Dari apa yang diutarakan diatas, maka untuk sementara peta politik pencalonan Gubernur – Wakil Gubernur Kaltim diprediksikan sebagai berikut :
No | Posisi Bakal Calon | Parpol Pengusung | Keterangan | |
Gubernur | Wk. Gubernur | |||
1 | Isran Noor | Hadi Mulyadi | Jalur Perseorangan | Terkomfirmasi |
2 | Basuki Tjahya Purnama | Tri Rismaharin | Koalisi PDIP dengan Parpol lain | Alternatif 1 (wacna dan belum terkonfirmasi) |
3 | ? | Safaruddin | -Idem- | Alternatif 2 (belum terkomfirmasi) |
4 | Rudy Mas’ud | ? | Partai Golkar | Belum terkomfirmasi |
5 | ? | Seno Adji | Koalisi Partai Gerindra dengan Parpol lain | -Idem- |
6 | Mahyudin | ? | Jalur Perseorangan | Wacana |
7 | ? | ? | Gabungan Parpol lain | Dalam proses |
Keterngan :
- Terkomfirmasi, mendekati pasti karena tidak perlu rekomendasi DPP Parpol.

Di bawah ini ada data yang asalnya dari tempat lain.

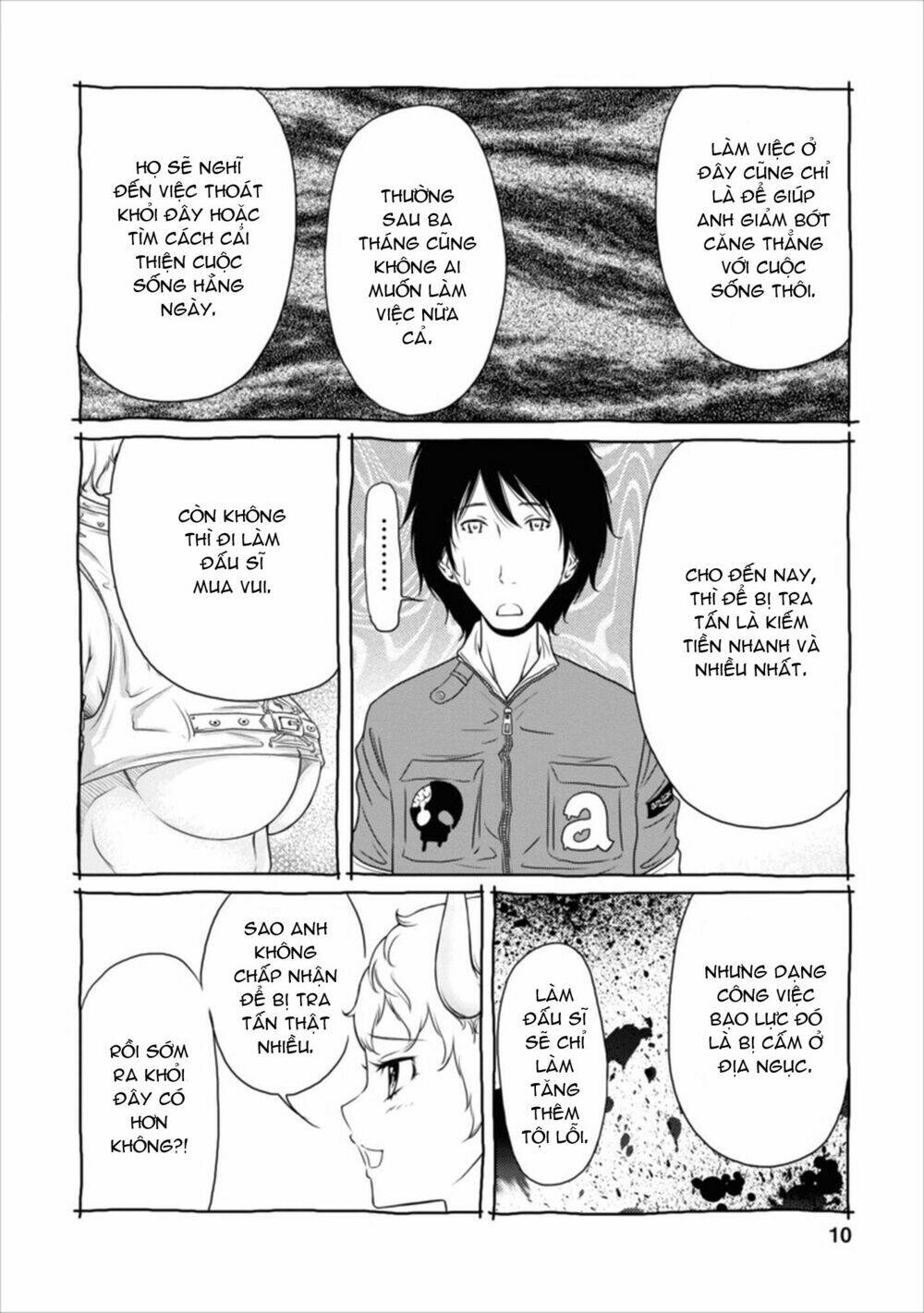 jigokuren - love in the hell chapter 10 12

- Belum terkomfirmasi, masih usulan internal DPD dan menunggu rekomendasi resmi DPP Parpol.
- Dalam proses, masih menunggu (wait & see) dan lobi antar Parpol.
- Wacana, pembicaraan internal Parpol atau individu bersangkutan.
Setelah tulisan ini ditayangkan diprediksikan akan terjadi perubahan-perubahan mendasar terhadap bursa pencalonan Gubernur – Wakil Gubernur Kaltim, karena Parpol lainnya, selain Golkar, PDIP dan Gerindra masih belum menunjukkan arah dukungannya sesuai arahan DPP (atau sebutan lainnya). Perubahan dimaksud merupakan hal yang wajar, karena selama Parpol belum berani menampilkan para kadernya yang potensial, maka ajang Pilkada merupakan ajang dagangan politik. Inilah harga demokrasi yang harus dilalui sebelum kita menjadi warga yang memiliki kesadaran berpolitik dengan baik.
**) Tulisan ini akan terus berlanjut mengikuti dinamika perkembangan politik menjelang Pilkada pada November 2024 mendatang.